PROBLEM DESCRIPTION
Among the entries below, only the lines starting at the one with "Plusieurs pierres tombales" and ending at the one with "Primary Photo - Cozy", both included, are to be printed exactly.

── EXERCISE MATERIAL

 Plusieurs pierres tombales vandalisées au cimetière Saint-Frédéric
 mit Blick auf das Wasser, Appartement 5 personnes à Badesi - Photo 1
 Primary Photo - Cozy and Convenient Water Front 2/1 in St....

────
── EXERCISE MATERIAL

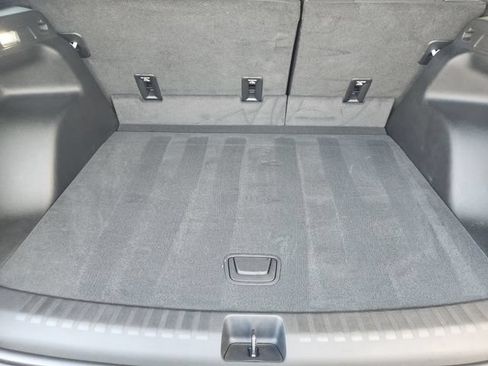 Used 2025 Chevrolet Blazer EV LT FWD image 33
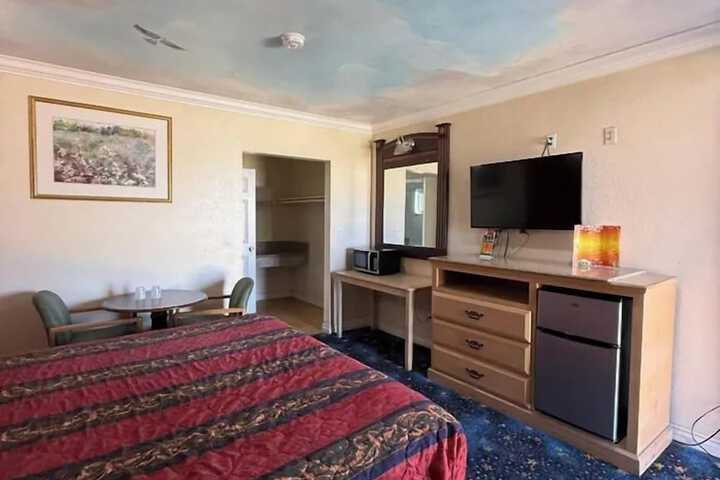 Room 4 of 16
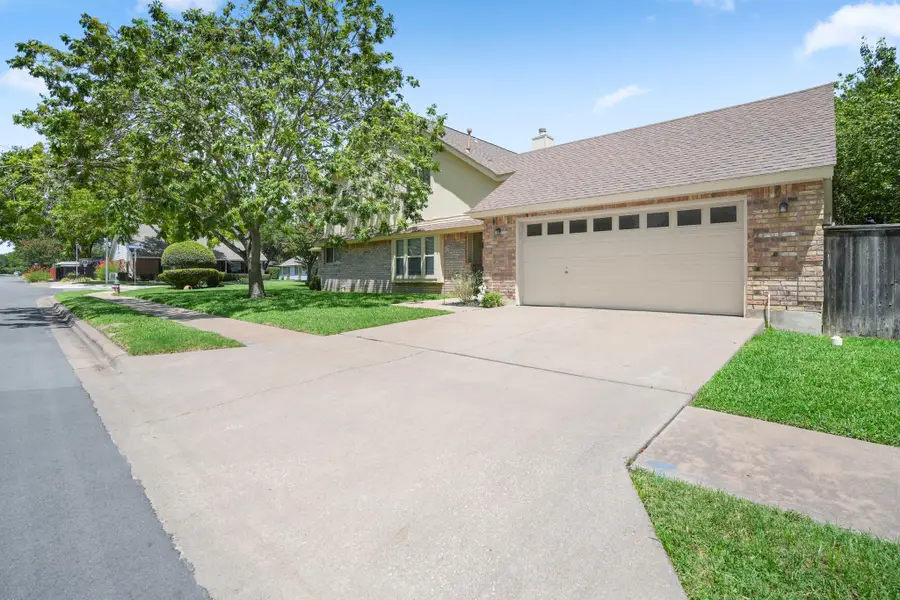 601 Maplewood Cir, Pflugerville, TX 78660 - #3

────
── EXERCISE MATERIAL

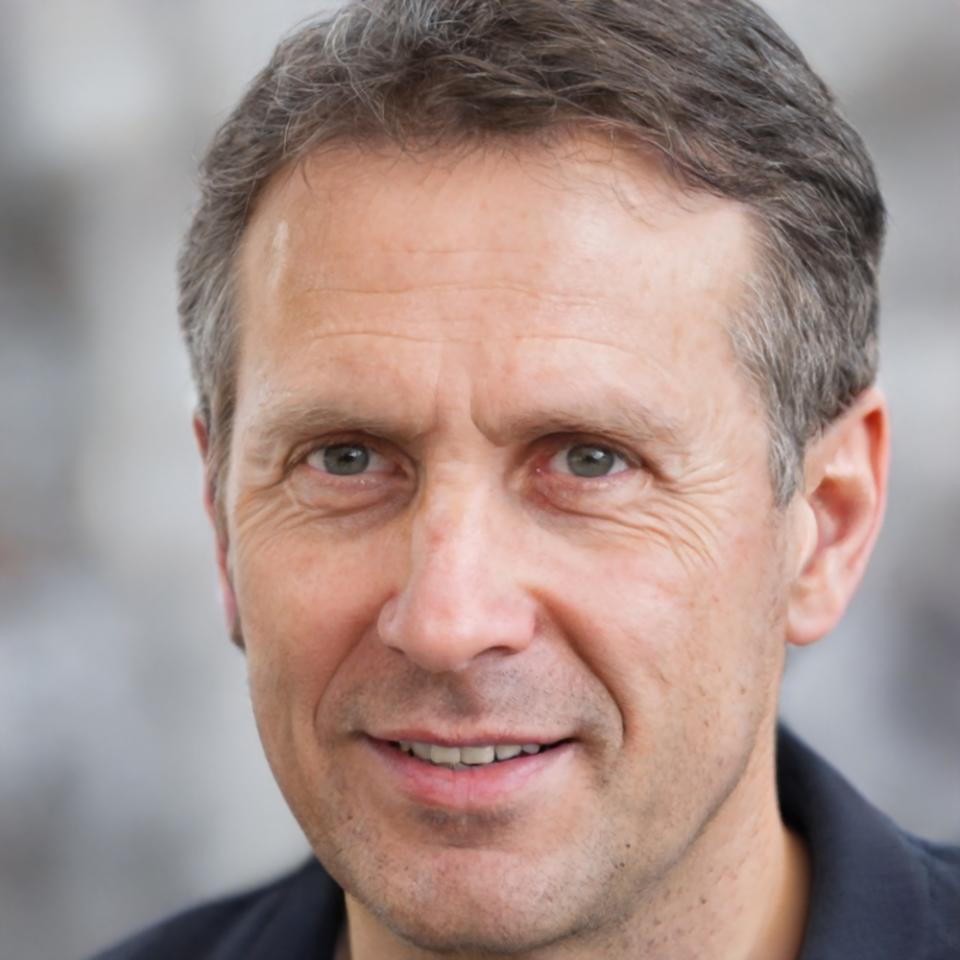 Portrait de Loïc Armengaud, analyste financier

────

EXERCISE RESPONSE
 Plusieurs pierres tombales vandalisées au cimetière Saint-Frédéric
 mit Blick auf das Wasser, Appartement 5 personnes à Badesi - Photo 1
 Primary Photo - Cozy and Convenient Water Front 2/1 in St....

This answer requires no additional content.